3+4+3+4+3+4+3+3+4+3+4+3+4+3+3+4+3+4+3+4+3 without being able to hear. While another drummer and bassist are playing 3+4+3+4+3+3+4+3+4+3. Lock into 24 while the other drummer and bassist lock into 17. Then get ready for 16 bars of 4/4 then back to 24 against 17. Without being able to hear. Or try playing in 3/8 in a piece that's in 15/8 so also counting in groups of 5. Or find a pocket in 20/4 at a tempo somewhere between 60 bpm and 80 bpm. WITHOUT BEING ABLE TO HEAR. Compounded by one's natural desire to create organic sounding musical shapes that are not counting cleverness nor arid mathy stilted constipated mind games.
Such was recording with Jonas yesterday. If anything truly sparky and useable came out of those 6 hours it will be a miracle.

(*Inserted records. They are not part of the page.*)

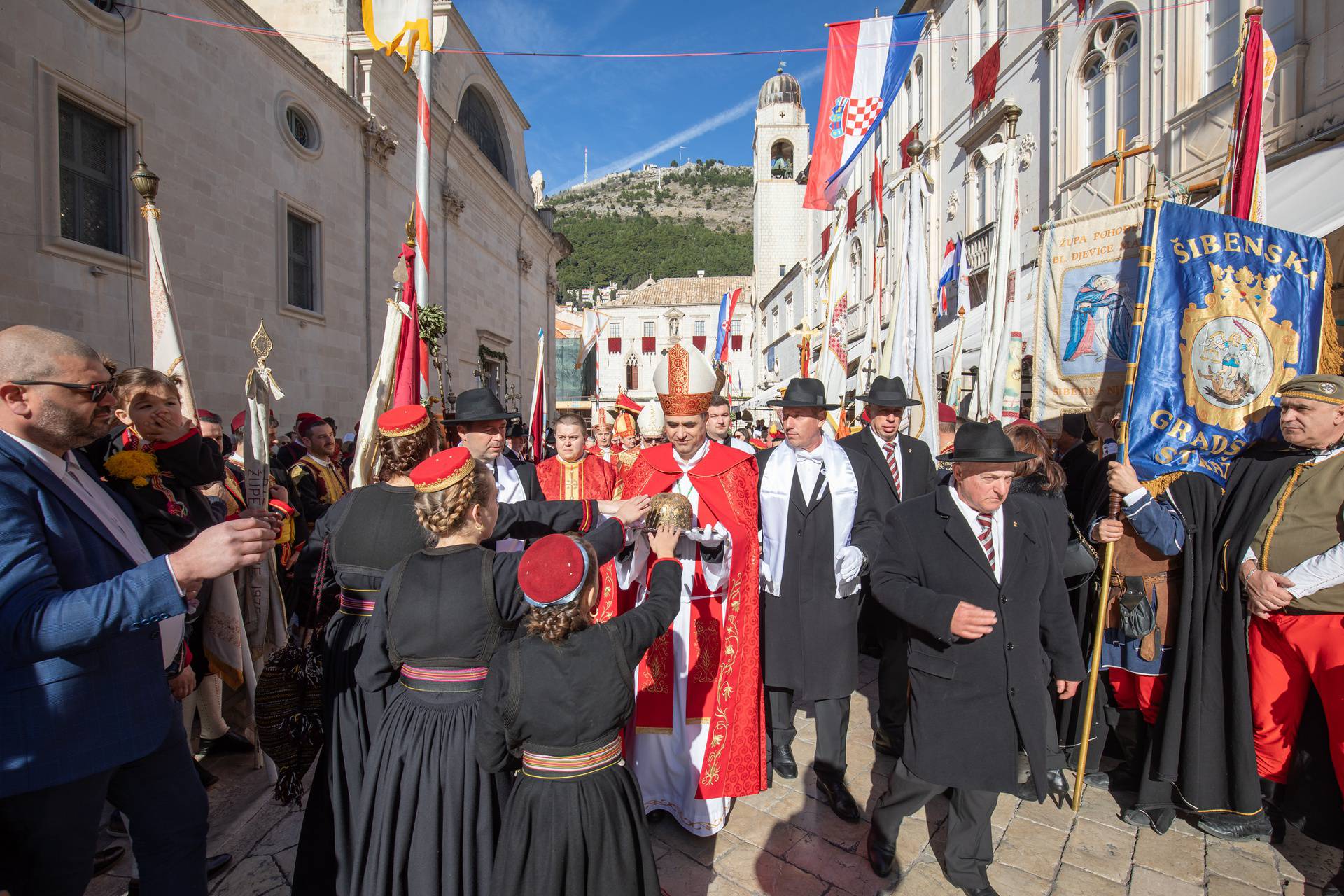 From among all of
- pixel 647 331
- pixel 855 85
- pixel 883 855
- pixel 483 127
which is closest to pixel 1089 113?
pixel 855 85

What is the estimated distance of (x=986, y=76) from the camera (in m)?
14.9

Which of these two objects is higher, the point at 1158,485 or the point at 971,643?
the point at 1158,485

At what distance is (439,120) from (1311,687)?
711 inches

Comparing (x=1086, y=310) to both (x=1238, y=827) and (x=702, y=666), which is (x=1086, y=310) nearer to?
(x=1238, y=827)

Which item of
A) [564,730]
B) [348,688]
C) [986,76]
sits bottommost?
[348,688]

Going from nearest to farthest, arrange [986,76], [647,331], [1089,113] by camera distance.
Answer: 1. [1089,113]
2. [986,76]
3. [647,331]

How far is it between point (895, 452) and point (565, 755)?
3.54 meters

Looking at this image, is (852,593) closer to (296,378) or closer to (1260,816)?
(1260,816)

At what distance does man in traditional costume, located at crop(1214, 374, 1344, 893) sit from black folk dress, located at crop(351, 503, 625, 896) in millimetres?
3303

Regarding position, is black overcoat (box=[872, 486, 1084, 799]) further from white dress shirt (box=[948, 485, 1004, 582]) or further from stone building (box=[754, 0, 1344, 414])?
stone building (box=[754, 0, 1344, 414])

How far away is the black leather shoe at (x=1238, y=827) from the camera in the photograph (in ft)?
10.2

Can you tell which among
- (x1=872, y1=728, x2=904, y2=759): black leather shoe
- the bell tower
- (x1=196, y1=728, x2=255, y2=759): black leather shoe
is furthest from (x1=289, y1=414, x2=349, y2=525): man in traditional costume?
the bell tower

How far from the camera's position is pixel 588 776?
1972mm

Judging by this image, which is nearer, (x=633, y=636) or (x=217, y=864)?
(x=633, y=636) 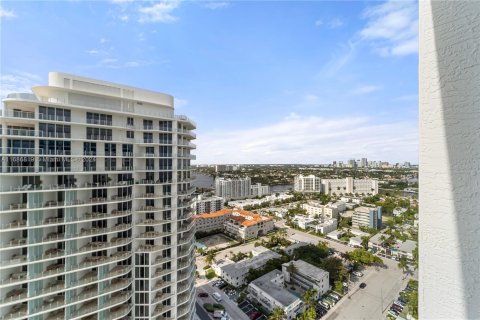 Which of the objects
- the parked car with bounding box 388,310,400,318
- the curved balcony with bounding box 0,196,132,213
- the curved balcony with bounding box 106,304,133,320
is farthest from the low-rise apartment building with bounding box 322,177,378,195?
the curved balcony with bounding box 0,196,132,213

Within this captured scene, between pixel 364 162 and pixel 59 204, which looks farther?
pixel 364 162

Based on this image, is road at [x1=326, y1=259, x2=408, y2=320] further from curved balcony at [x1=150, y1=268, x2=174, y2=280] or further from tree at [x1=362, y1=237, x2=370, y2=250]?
curved balcony at [x1=150, y1=268, x2=174, y2=280]

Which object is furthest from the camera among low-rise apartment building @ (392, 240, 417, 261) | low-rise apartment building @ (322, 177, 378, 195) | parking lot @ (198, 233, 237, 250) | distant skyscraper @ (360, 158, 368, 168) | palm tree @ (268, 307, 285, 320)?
distant skyscraper @ (360, 158, 368, 168)

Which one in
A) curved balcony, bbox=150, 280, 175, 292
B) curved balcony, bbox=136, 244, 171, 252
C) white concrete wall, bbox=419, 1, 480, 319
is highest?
white concrete wall, bbox=419, 1, 480, 319

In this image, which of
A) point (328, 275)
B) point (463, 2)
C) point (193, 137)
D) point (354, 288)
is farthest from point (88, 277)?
point (354, 288)

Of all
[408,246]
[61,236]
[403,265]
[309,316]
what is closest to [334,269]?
[403,265]

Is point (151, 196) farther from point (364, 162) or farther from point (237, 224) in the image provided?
point (364, 162)

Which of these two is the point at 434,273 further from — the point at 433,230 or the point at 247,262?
the point at 247,262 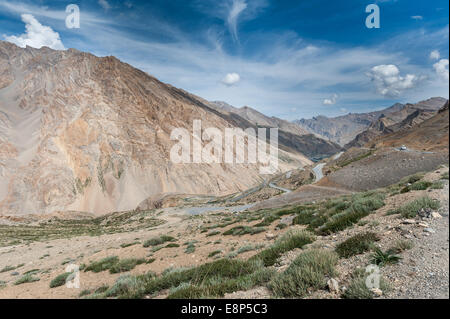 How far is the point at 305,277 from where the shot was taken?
3.95 metres

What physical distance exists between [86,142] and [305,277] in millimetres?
97705

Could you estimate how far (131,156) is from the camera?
9294 centimetres

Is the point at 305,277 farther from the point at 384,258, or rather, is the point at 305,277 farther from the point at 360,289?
the point at 384,258

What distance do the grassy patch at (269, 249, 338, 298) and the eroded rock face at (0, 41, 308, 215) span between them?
8423cm

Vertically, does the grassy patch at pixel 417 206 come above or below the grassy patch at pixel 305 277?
above

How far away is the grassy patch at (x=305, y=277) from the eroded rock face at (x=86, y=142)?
84.2 meters

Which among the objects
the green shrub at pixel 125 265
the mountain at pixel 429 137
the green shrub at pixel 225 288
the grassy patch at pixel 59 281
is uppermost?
the mountain at pixel 429 137

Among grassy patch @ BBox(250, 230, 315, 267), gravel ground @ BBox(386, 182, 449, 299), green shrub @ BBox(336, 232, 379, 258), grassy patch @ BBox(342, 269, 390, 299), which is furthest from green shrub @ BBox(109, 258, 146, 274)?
gravel ground @ BBox(386, 182, 449, 299)

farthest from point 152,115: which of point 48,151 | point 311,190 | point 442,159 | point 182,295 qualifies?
point 182,295

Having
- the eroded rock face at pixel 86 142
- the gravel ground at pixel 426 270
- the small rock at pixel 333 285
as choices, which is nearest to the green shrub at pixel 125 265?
the small rock at pixel 333 285

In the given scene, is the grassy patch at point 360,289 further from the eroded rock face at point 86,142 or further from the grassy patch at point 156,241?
the eroded rock face at point 86,142

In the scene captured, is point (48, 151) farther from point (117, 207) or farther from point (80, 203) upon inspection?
point (117, 207)

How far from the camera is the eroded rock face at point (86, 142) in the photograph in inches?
2822

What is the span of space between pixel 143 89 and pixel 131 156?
4064 cm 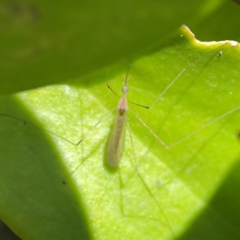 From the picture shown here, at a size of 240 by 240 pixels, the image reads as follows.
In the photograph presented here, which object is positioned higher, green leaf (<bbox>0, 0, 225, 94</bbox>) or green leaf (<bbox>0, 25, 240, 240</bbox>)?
green leaf (<bbox>0, 0, 225, 94</bbox>)

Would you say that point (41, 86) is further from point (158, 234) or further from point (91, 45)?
point (158, 234)

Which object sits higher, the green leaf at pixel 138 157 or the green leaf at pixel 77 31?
the green leaf at pixel 77 31

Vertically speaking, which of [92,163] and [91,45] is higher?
[91,45]

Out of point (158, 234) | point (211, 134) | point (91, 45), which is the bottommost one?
point (158, 234)

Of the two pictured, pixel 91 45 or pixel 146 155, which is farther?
pixel 146 155

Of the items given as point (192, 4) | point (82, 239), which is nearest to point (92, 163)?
point (82, 239)

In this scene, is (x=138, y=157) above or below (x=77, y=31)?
below

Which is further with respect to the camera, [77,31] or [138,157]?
[138,157]

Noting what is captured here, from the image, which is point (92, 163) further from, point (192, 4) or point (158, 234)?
point (192, 4) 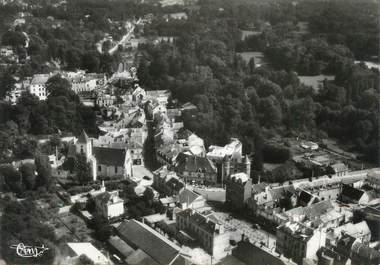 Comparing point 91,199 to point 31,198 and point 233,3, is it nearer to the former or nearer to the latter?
point 31,198

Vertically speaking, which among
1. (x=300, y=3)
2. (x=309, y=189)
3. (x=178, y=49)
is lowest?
(x=309, y=189)

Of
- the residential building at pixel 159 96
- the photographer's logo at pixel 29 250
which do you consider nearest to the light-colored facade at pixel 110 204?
the photographer's logo at pixel 29 250

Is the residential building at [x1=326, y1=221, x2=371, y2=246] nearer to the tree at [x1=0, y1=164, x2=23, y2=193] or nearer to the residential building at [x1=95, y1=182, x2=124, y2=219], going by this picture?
the residential building at [x1=95, y1=182, x2=124, y2=219]

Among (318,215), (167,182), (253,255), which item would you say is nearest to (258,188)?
(318,215)

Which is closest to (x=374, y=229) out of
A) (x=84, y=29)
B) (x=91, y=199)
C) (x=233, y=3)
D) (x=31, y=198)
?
(x=91, y=199)

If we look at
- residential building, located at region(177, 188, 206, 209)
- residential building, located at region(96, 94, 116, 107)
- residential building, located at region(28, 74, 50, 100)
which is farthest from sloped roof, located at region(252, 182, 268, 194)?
residential building, located at region(28, 74, 50, 100)

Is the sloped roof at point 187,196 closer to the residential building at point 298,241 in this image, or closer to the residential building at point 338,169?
the residential building at point 298,241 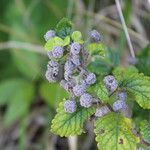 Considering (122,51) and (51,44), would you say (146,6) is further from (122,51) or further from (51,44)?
(51,44)

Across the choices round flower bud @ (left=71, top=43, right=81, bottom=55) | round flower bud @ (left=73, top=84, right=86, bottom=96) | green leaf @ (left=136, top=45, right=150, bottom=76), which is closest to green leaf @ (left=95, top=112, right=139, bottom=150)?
round flower bud @ (left=73, top=84, right=86, bottom=96)

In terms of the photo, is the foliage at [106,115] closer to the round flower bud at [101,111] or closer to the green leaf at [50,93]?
the round flower bud at [101,111]

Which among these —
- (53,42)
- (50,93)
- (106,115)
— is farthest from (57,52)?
(50,93)

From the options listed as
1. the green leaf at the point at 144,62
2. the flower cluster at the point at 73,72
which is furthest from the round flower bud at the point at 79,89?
the green leaf at the point at 144,62

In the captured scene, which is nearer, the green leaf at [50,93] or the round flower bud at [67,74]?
the round flower bud at [67,74]

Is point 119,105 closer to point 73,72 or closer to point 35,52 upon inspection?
point 73,72

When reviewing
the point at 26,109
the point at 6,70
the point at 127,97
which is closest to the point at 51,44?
the point at 127,97

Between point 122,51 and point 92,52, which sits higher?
point 122,51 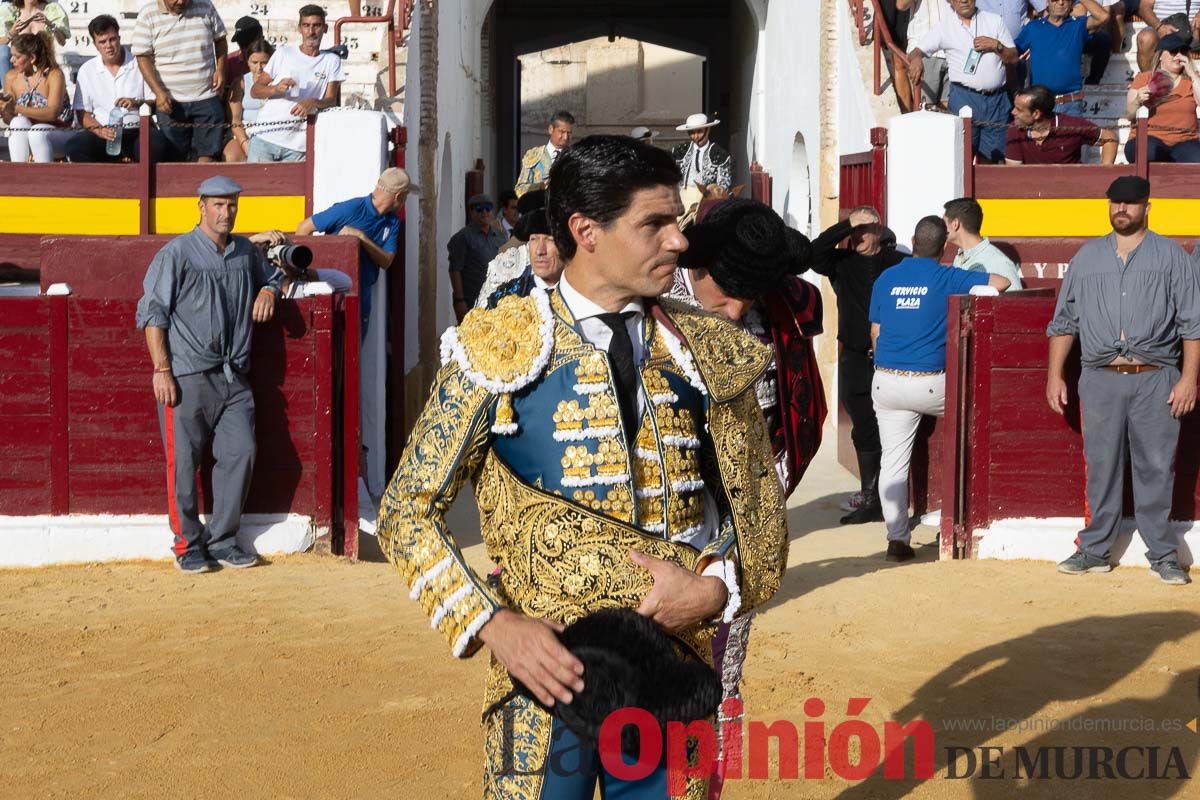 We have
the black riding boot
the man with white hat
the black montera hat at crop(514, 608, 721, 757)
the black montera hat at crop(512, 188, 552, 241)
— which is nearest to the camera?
the black montera hat at crop(514, 608, 721, 757)

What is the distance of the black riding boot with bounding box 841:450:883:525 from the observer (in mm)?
8070

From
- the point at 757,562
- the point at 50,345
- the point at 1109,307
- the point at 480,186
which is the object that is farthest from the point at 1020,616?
the point at 480,186

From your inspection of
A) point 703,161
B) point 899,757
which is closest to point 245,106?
point 703,161

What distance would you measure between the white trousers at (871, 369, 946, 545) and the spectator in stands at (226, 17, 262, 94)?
5.26 metres

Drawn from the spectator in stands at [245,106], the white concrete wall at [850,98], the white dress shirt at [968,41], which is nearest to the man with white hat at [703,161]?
the white concrete wall at [850,98]

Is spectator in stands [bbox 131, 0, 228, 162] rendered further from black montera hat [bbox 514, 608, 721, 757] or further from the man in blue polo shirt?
black montera hat [bbox 514, 608, 721, 757]

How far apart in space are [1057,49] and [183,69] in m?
6.01

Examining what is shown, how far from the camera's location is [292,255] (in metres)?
7.13

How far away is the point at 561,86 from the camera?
2980 cm

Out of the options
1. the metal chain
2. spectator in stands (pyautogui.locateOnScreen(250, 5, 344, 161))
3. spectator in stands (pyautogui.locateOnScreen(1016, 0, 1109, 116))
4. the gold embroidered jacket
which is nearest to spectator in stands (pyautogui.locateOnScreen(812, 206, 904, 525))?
the metal chain

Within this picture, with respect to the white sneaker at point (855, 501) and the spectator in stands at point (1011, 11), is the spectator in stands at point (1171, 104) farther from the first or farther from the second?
the white sneaker at point (855, 501)

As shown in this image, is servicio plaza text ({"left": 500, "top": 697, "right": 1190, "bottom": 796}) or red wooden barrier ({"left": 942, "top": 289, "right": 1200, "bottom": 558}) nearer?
servicio plaza text ({"left": 500, "top": 697, "right": 1190, "bottom": 796})

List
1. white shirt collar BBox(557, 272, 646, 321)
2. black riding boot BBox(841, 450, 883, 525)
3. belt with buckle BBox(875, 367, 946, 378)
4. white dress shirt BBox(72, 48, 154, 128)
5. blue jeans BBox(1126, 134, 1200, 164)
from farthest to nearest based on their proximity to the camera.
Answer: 1. blue jeans BBox(1126, 134, 1200, 164)
2. white dress shirt BBox(72, 48, 154, 128)
3. black riding boot BBox(841, 450, 883, 525)
4. belt with buckle BBox(875, 367, 946, 378)
5. white shirt collar BBox(557, 272, 646, 321)

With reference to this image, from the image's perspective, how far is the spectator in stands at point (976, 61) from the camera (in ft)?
34.6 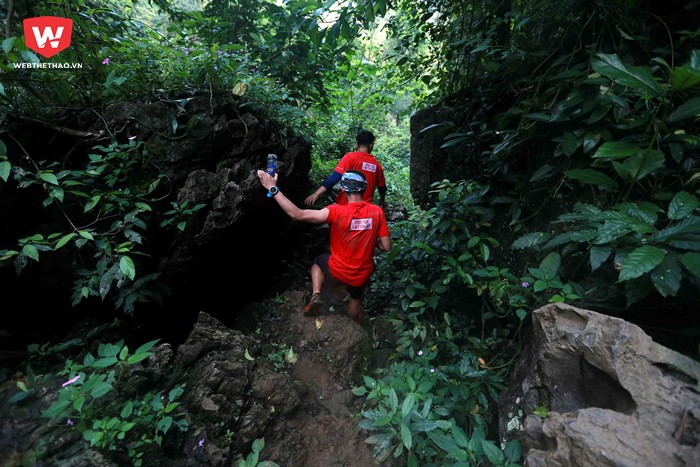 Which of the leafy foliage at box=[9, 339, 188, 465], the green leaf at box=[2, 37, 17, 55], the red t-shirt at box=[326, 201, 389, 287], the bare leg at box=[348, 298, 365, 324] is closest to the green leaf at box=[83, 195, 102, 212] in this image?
the green leaf at box=[2, 37, 17, 55]

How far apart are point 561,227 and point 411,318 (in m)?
1.62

Question: how can a college spend out the wazoo on a state of the art recording studio and have the shittiest studio monitor headphone setup I've ever encountered? It's wrong of me to attribute this to Santa Fe idiocy in general but there it is.
Destination-out crafted a wonderful post titled "A Beginner's Guide to Free Jazz" and while I might not agree with the specific tracks in some cases it's an interesting idea. How do you introduce someone to creative improvised music? It's so contrary to music made for consumption, for life soundtrack or the reinforcement of sentiment. Or whatever. I think the most powerful experiences of collectively improvised music are in live concert settings. But maybe there are recordings that offer a sort of gateway.